MATERIAL FOR THE TASK Start Marker

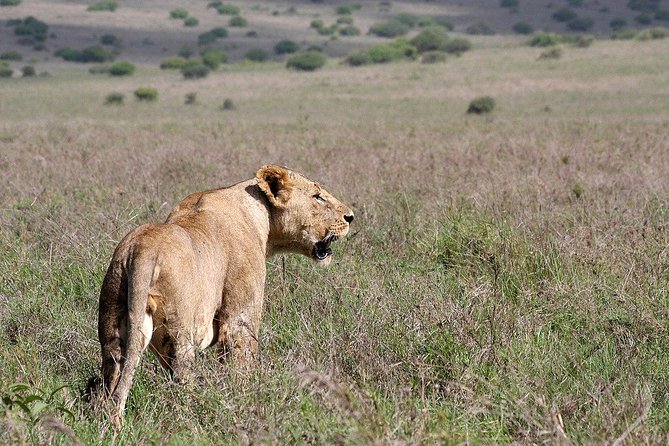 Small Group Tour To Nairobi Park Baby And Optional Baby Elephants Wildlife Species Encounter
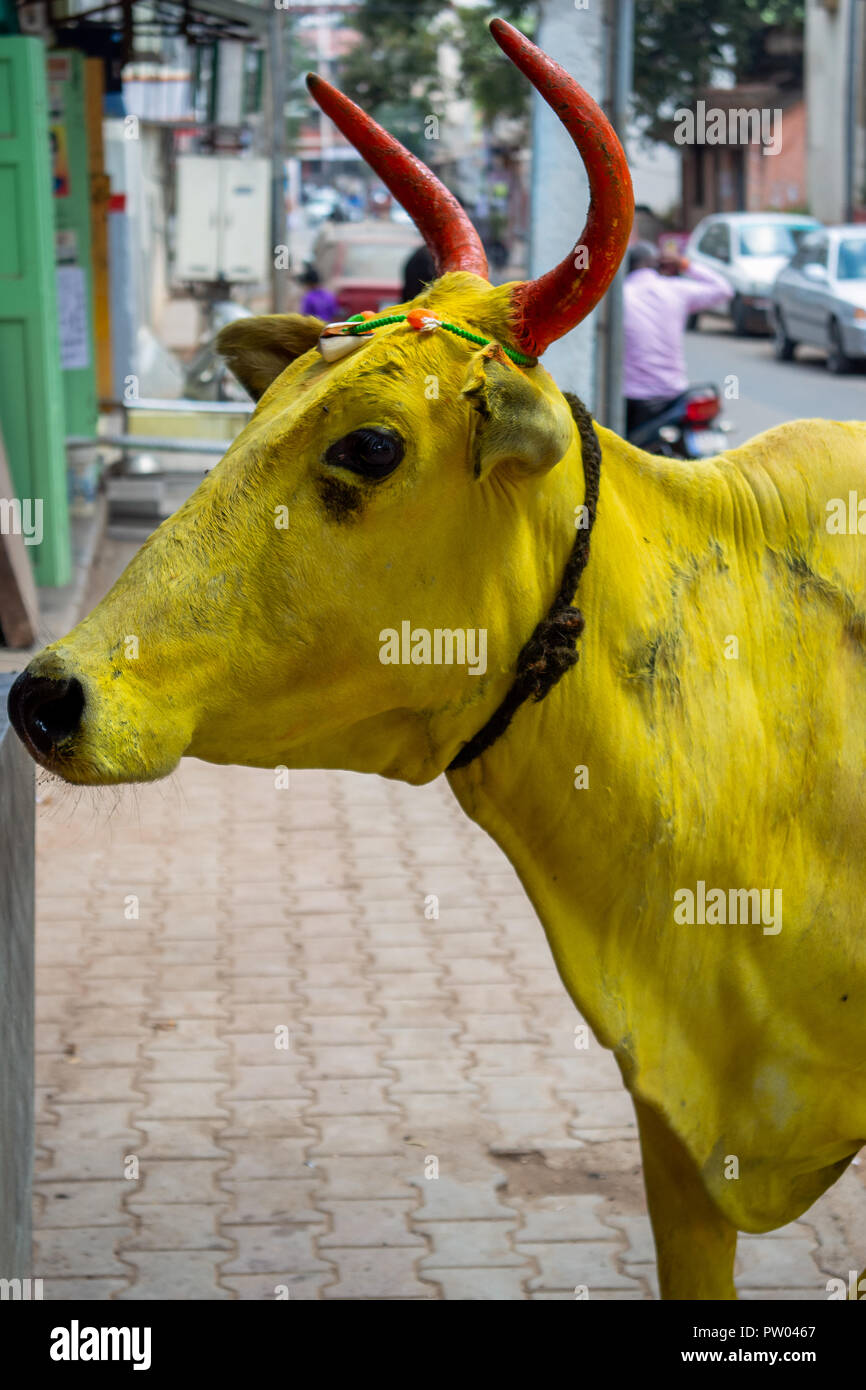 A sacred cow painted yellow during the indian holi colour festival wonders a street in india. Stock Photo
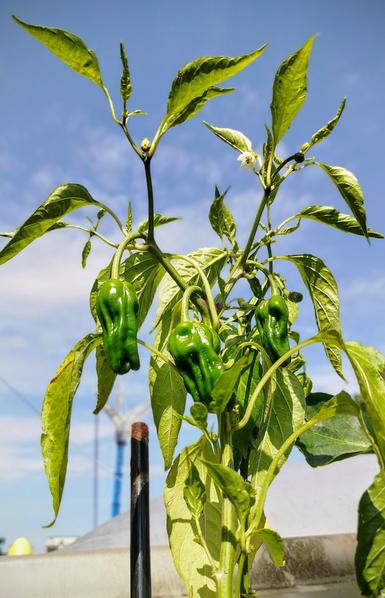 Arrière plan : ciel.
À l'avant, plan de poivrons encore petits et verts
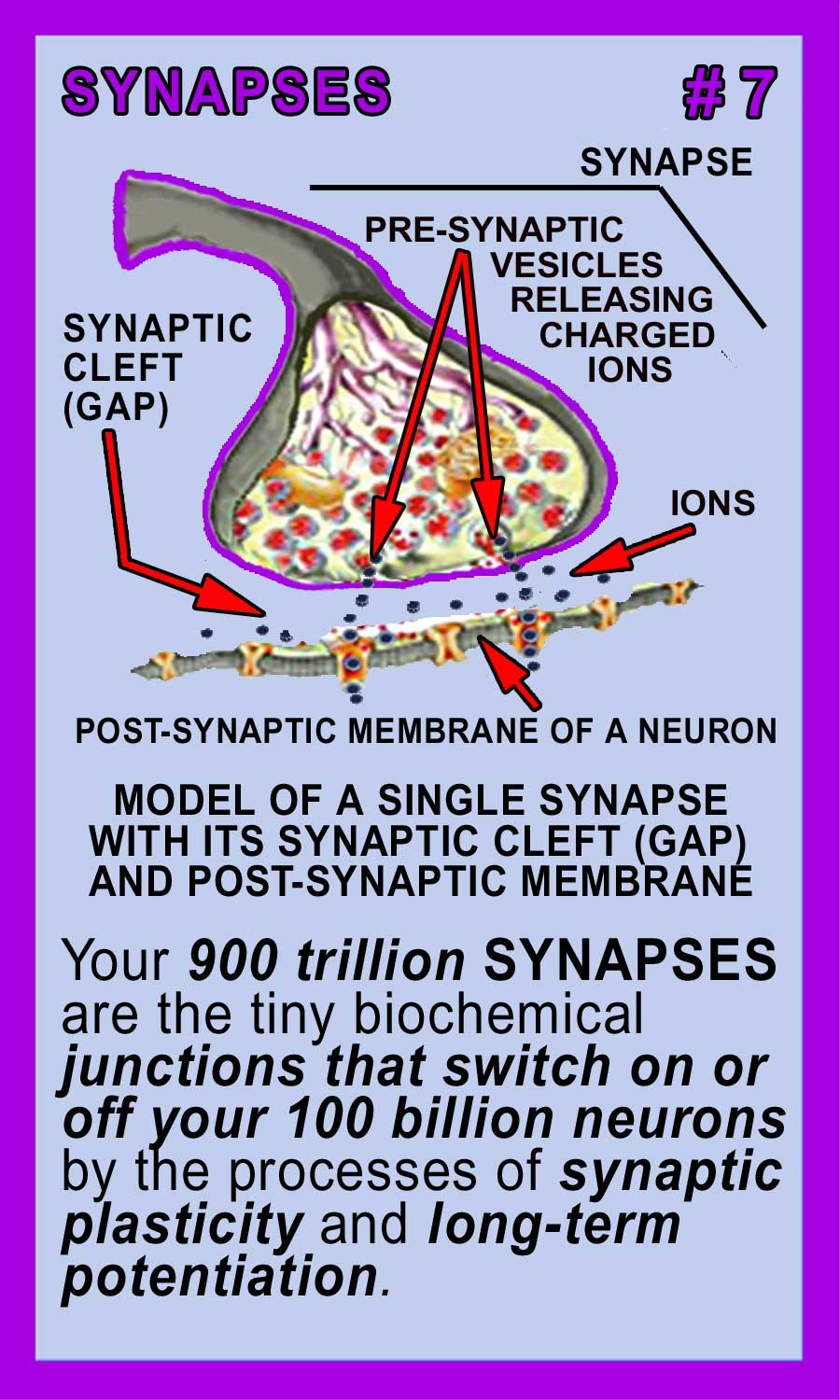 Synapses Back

MATERIAL FOR THE TASK End Marker

> THE TASK
Copy the data word for word and omit every picture.

> EXPECTED OUTPUT
 Small Group Tour To Nairobi Park Baby And Optional Baby Elephants Wildlife Species Encounter
 A sacred cow painted yellow during the indian holi colour festival wonders a street in india. Stock Photo
 Arrière plan : ciel.
À l'avant, plan de poivrons encore petits et verts
 Synapses Back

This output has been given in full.